Operationalizing your AI/ML models in the cloud

The section Create and bring your own AI/ML model (BYOM) explains how to access historical data for the purpose of training an AI/ML model. Now the next step is to operationalize your models and deploy them into data pipelines for real-time model inferencing.

Deploy your AI/ML model

In general, there are three possible scenarios for deploying your AI/ML model, depending on the requirements of your use case:

External hosting
Embedded hosting using a custom inference microservice
Embedded hosting using a generic inference environment

Using externally hosted AI/ML models offers advantages such as scalability, reduced infrastructure management, and access to cutting-edge AI/ML capabilities. This approach allows you to focus on your core functionality and leverage state-of-the-art Machine Learning without the burden of maintaining infrastructure.

Embedded hosting reduces the need for external data transfers and potential network-related delays. As such, this approach provides greater control over model customization, data privacy (by ensuring sensitive data remains within the platform’s environment), and offers lower latency as data processing occurs within the platform’s environment.

The image below illustrates a high-level architecture perspective, starting with providing the data via Cumulocity DataHub, training the model, making it available for various deployment scenarios (identified as A/B/C later on) to integrate in a workflow with Cumulocity Streaming Analytics.

High level architecture

Scenario A: External hosting

In this scenario, you leverage the AI/ML execution environment of a third party, which is typically closely related to the third party used to create and train the AI/ML model. The execution environment of the third party exposes an endpoint, which can be used for sending input readings and returning the model scoring output.

From an architectural perspective, scenario A looks like this:

Scenario A architecture

Info

The following article in the Cumulocity Tech Community illustrates this scenario in more detail: Leveraging Hyperscaler Clouds for Machine Learning Inferencing on Cumulocity Data.

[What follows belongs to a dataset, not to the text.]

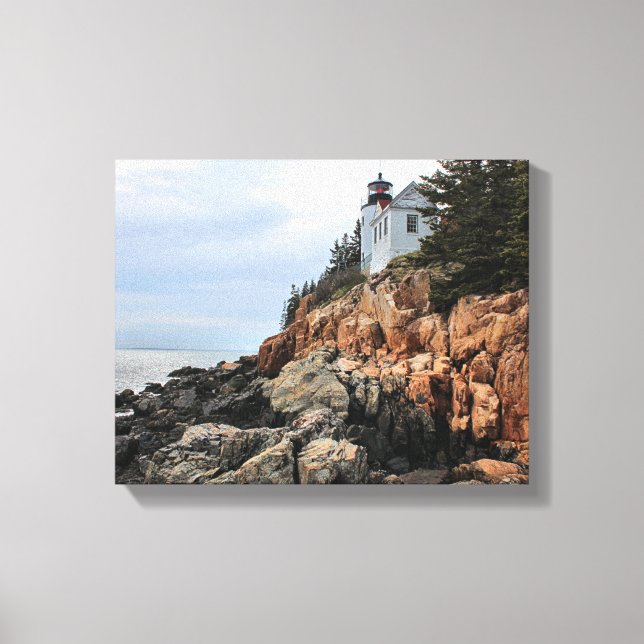 Toile Bass Harbour Head Lighthouse, Maine Canvas Imprime (Recto)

Scenario B: Embedded hosting using a custom microservice

In this scenario, you create and deploy a custom Cumulocityy microservice which includes:

An “extract” of the trained AI/ML model.
The relevant libraries for inferencing.
A POST request endpoint for sending input readings and returning the model scoring output.

From an architectural perspective, scenario B looks like this:

Scenario B architecture

Info

The following article in the Cumulocity Tech Community illustrates this scenario in more detail: Performing Machine Learning Inference on Cumulocity Data using Open-Source Frameworks.

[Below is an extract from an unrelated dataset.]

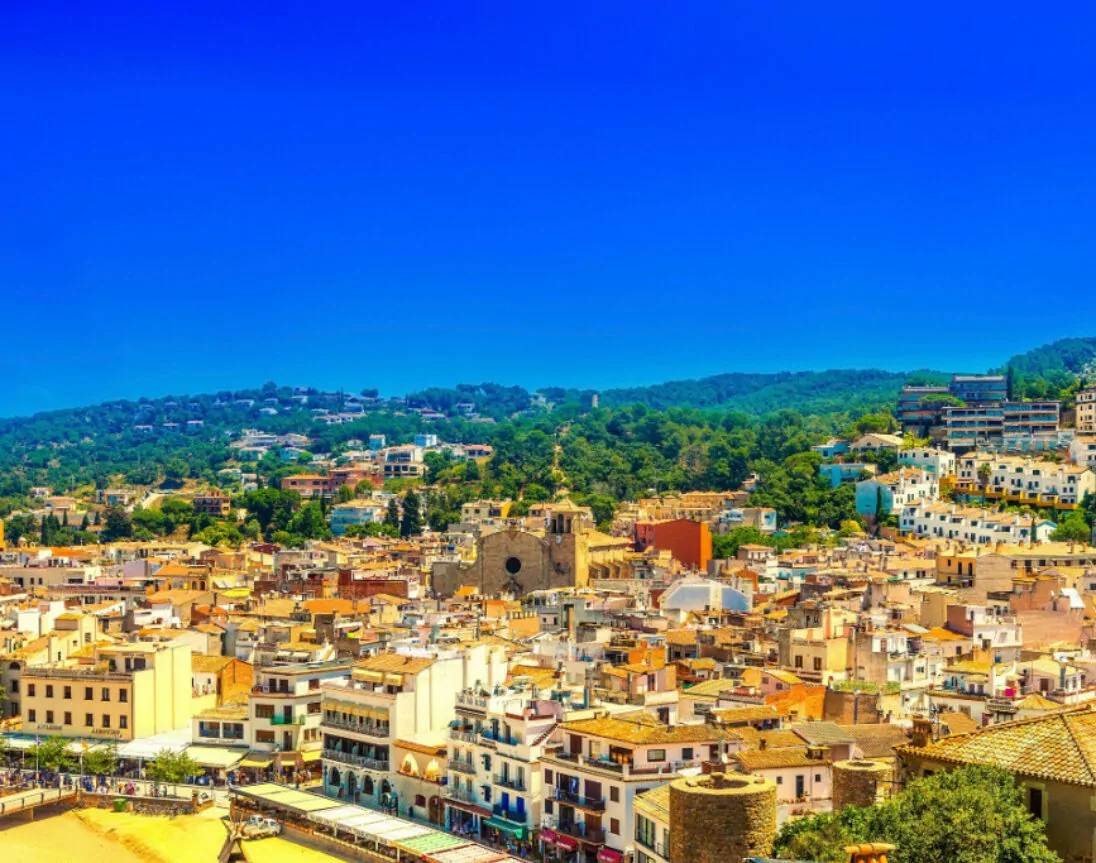 Panorama von Tossa de Mar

Scenario C: Embedded hosting using a generic microservice

In this scenario, you create and deploy a Cumulocity Tech Community microservice which has been purposely built to work generically with specific types of model “extracts” that are hosted alongside the microservice, such as, within the Cumulocity Tech Community file repository. Like scenario B, this microservice includes a POST request endpoint for sending input readings, this time complemented with the reference to the model of choice, and returning the model scoring output.

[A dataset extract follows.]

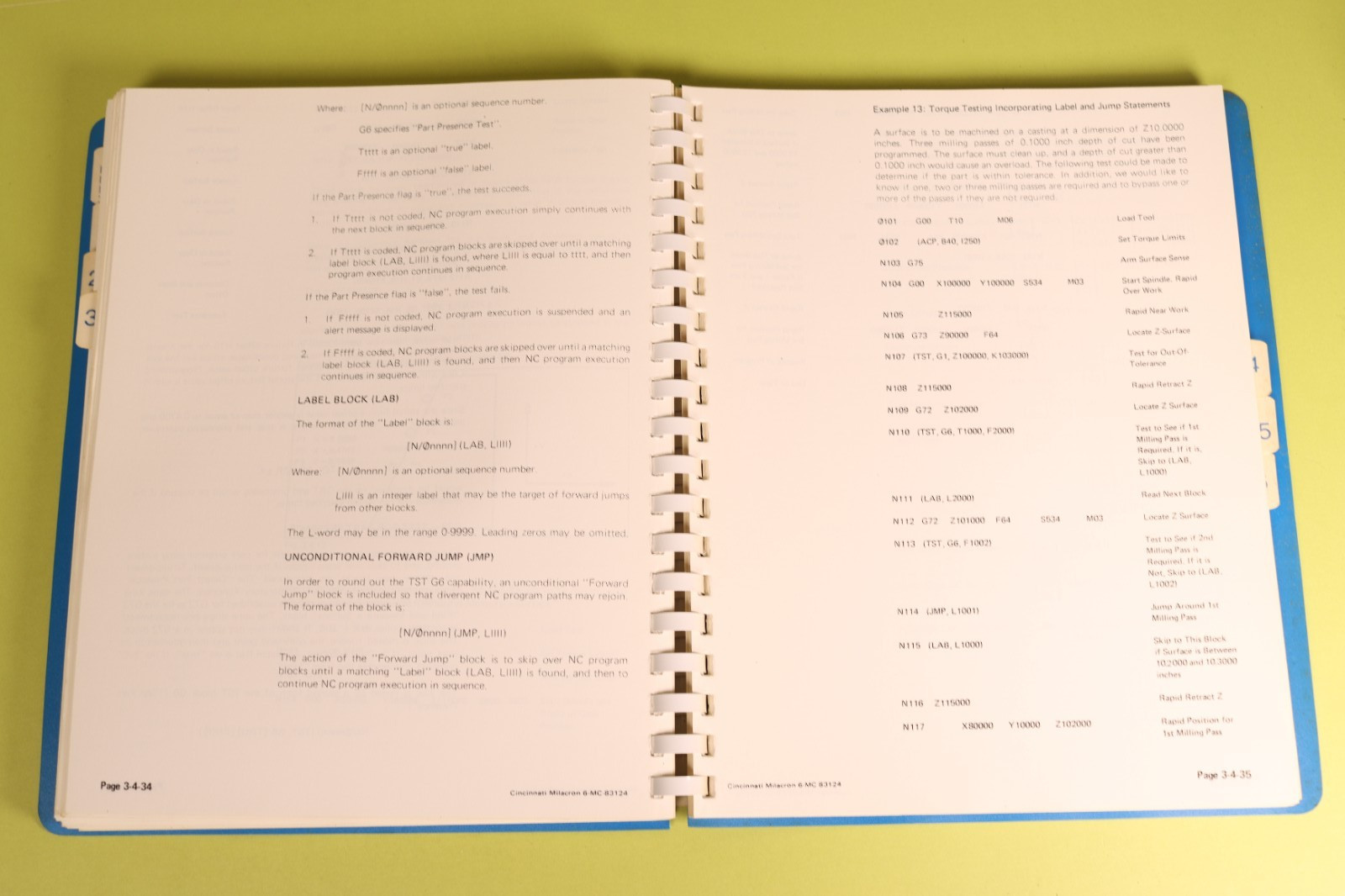 Cincinnati Milacron Acramatic 900 MC Control Programming Manual 1986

From an architectural perspective, scenario C looks like this:

Scenario C architecture

Info

A Cumulocity Tech Community article to illustrate this scenario is currently under construction.

Setting up a model inferencing workflow

Once the AI/ML model is deployed, you need to set up a workflow to:

Process the incoming data.
Pass it to the deployed AI/ML model.
Receive the model output.
Process the model output to make decisions/create events, alarms, and so on.

To orchestrate the model execution, this workflow can be set up by leveraging the Streaming Analytics tooling, either Analytics Builder or EPL apps. More information on the specific tooling can be found in Streaming Analytics.

Info

In the Cumulocity Tech Community article for scenario B, a detailed description on how to create this can be found: How to create an ML Inference workflow using Streaming Analytics.